Department of Medicine II, Hokkaido University Graduate School of Medicine, Sapporo, Japan.
Clin Endocrinol (Oxf). 2010 Feb;72(2):272-6. doi: 10.1111/j.1365-2265.2009.03649.x. Epub 2009 Jun 8.
Gitelman's syndrome, recognized as a variant of Bartter's syndrome, is characterized by hypokalaemic metabolic alkalosis in combination with hypomagnesaemia and hypocalciuria. Overlapping biochemical features in Gitelman's syndrome and Bartter's syndrome has been observed. Here, we investigated the clinical, biochemical, and genetic characteristics of five, chronic, nonhypertensive and hypokalaemic Japanese patients.
Serum and urinary electrolytes, plasma renin activity and plasma aldosterone concentration were measured in five patients (four males and one female) with hypokalaemia. Renal clearance tests were performed and distal fractional chloride reabsorption calculated. Finally, mutational analysis of the thiazide-sensitive Na-Cl co-transporter gene was performed.
Symptoms in patients varied from mild (muscle weakness and numbness) to severe (tetany and foot paralysis). All patients were normotensive or hypotensive, and all had hypokalaemia, hypocalciuria, and hyperreninaemic hyperaldosteronism. However, two male patients had normomagnesaemia, while the remainder was hypomagnesaemic. Renal clearance tests showed that the administration of furosemide decreased distal fractional chloride reabsorption, while thiazide ingestion failed to decrease it. Genetic analysis identified six thiazide-sensitive Na-Cl co-transporter gene mutations, including two novel ones. Therefore, on the basis of the confirmatory renal clearance tests and mutational analysis, a diagnosis of Gitelman's syndrome was made in these patients.

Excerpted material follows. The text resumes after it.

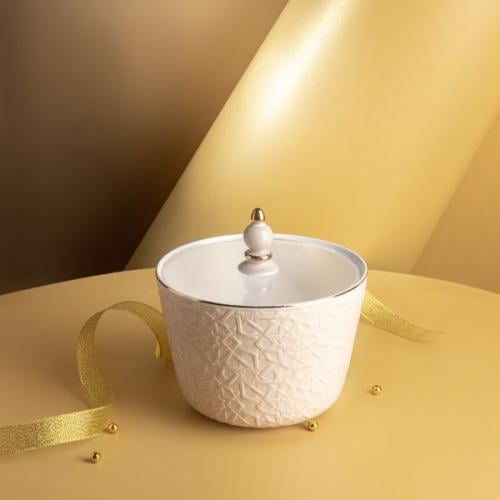 علبة حلويات باللون البيج من مجموعة كراون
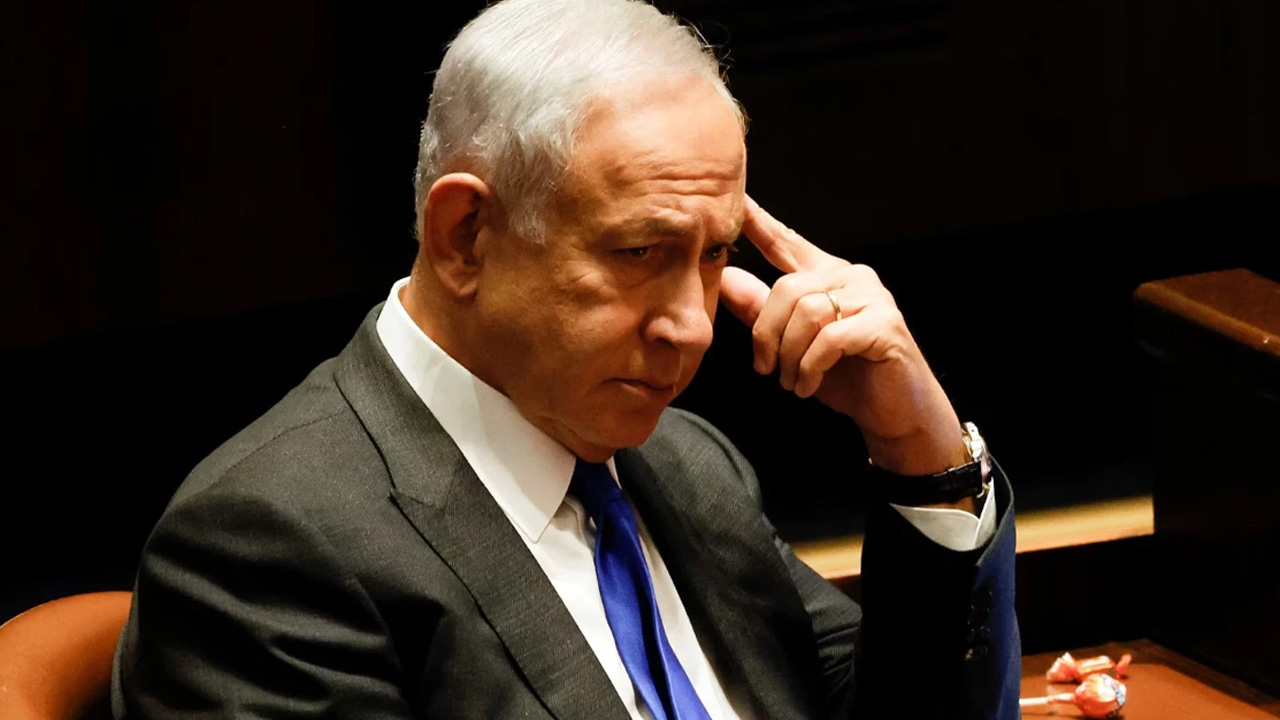 İsrail gazetesinden, Tel Aviv'in 'kükreyen aslan' isimli saldırıdan 'miyavlayan kedi' olarak çıktığı yorumu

Two of the five patients diagnosed with Gitelman's syndrome were normomagnesaemic, which is uncommon in this syndrome. Our study indicates that renal clearance tests and mutation analysis can play an important role in diagnosing Gitelman's syndrome more precisely.
吉特曼综合征是巴特综合征的一种变异型,其特征是低钾性代谢性碱中毒合并低镁血症和低钙尿症。吉特曼综合征和巴特综合征存在重叠的生化特征。在此,我们研究了 5 例慢性、非高血压和低钾血症的日本患者的临床、生化和遗传特征。
对 5 例低钾血症患者(4 名男性和 1 名女性)进行了血清和尿电解质、血浆肾素活性和血浆醛固酮浓度检测。进行了肾清除率试验,并计算了远端氯离子重吸收分数。最后,对噻嗪类敏感的 Na-Cl 共转运蛋白基因进行了突变分析。
患者的症状从轻度(肌肉无力和麻木)到重度(抽搐和足瘫痪)不等。所有患者均为血压正常或低血压,均有低钾血症、低钙尿症和高肾素性醛固酮血症。然而,2 名男性患者的镁浓度正常,而其余患者的镁浓度较低。肾清除率试验表明,呋塞米的给予降低了远端氯离子重吸收分数,而噻嗪的给予未能降低其重吸收分数。基因分析确定了 6 个噻嗪类敏感的 Na-Cl 共转运蛋白基因突变,包括 2 个新的基因突变。因此,基于明确的肾清除率试验和突变分析,这些患者被诊断为吉特曼综合征。
5 例被诊断为吉特曼综合征的患者中有 2 例的镁浓度正常,这在该综合征中较为罕见。我们的研究表明,肾清除率试验和突变分析在更准确地诊断吉特曼综合征方面可发挥重要作用。